With its new homes achieving an average sale price of £351,000, up 21 per cent on the prior year, Mactaggart & Mickel’s dominant homes division saw turnover increase to £62m from £55m the year before. Overall turnover at the group – which also has interests in timber systems, affordable homes, commercial property and private property lets – rose 14 per cent to £74.3m.

Asked whether he has seen any evidence of the house-buying public being affected by uncertain economic backdrop, chief executive Ed Monaghan, replied: “We haven’t at all. Post-Brexit, there’s been no real impact on the amount of clients visiting our sales centres or taking up reservations for new homes. We’re slightly ahead of projections [for our current year], so visitor numbers and sales have remained strong.”

Mr Monaghan, whose firm has traditionally focused on Newton Mearns, Ayrshire and Edinburgh, said all parts of the business were benefiting from a “buoyant” housing market, which is being driven by the demand for homes on both sides of the Border.

He played down the likely impact of a widely anticipated rise in interest rates of 0.25 per cent to 0.5 per cent when the Bank of England’s Monetary Policy Committee meets on Thursday.

“I don’t see it being sustained, in terms of it continually going up,” Mr Monaghan said.

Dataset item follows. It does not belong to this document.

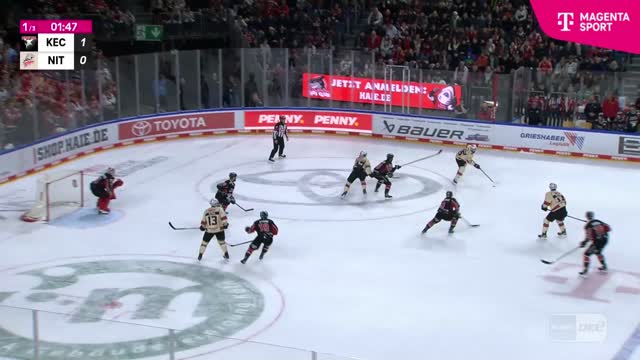 Highlights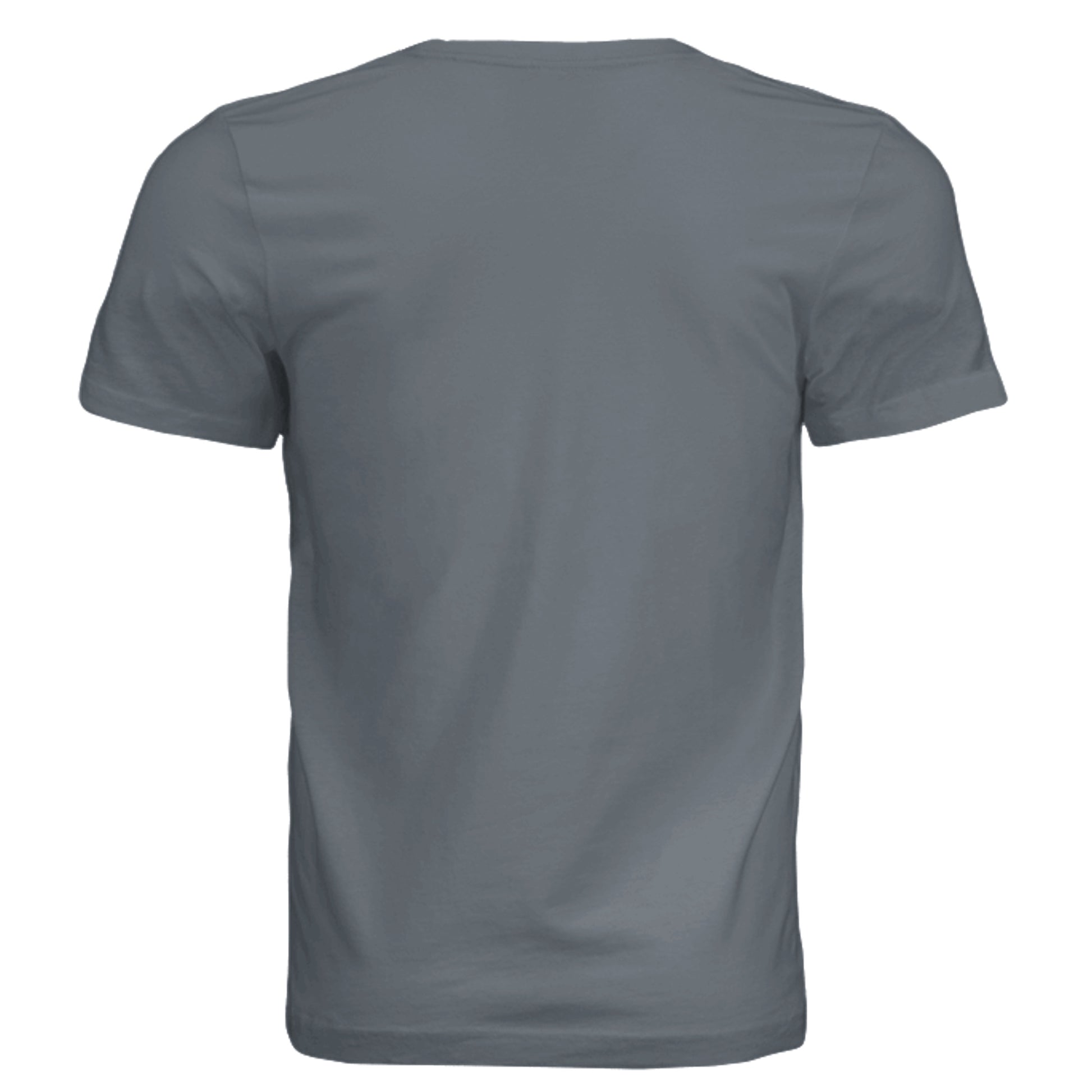 Slate gray unisex tri-blend T-shirt, plain back view.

“I think it will be marginal and the market has probably already built it in. Indeed, there is quite a buoyant mortgage market out there for future clients to be able to be selective about products for themselves.”

Mactaggart & Mickel highlighted its progress south of the Border, where it is on track to start building its first homes early next year. It has received outline planning permission to build on two sites in Oxfordshire, or “Greater Cotswolds” area, which are broadly located a one-hour commute from central London.

The firm’s focus on England in the last seven years has been on acquiring land and securing planning consent for sites before selling them on to developers.

Mr Monaghan described the move into housebuilding in England as a “natural progression” for the business, which can trace its roots back to 1925. “We think there is a space in that market we are targeting,” he said. “We’re not a plc, but there is a need to bring other players into the market and we have been very encouraged by the response we have received from both planning authorities and landowners.”

Mr Monaghan, whose firm increased its headcount to 279 from 263, expects to build between 15 per cent and 20 per cent more homes, and achieve a further rise in profits, this year.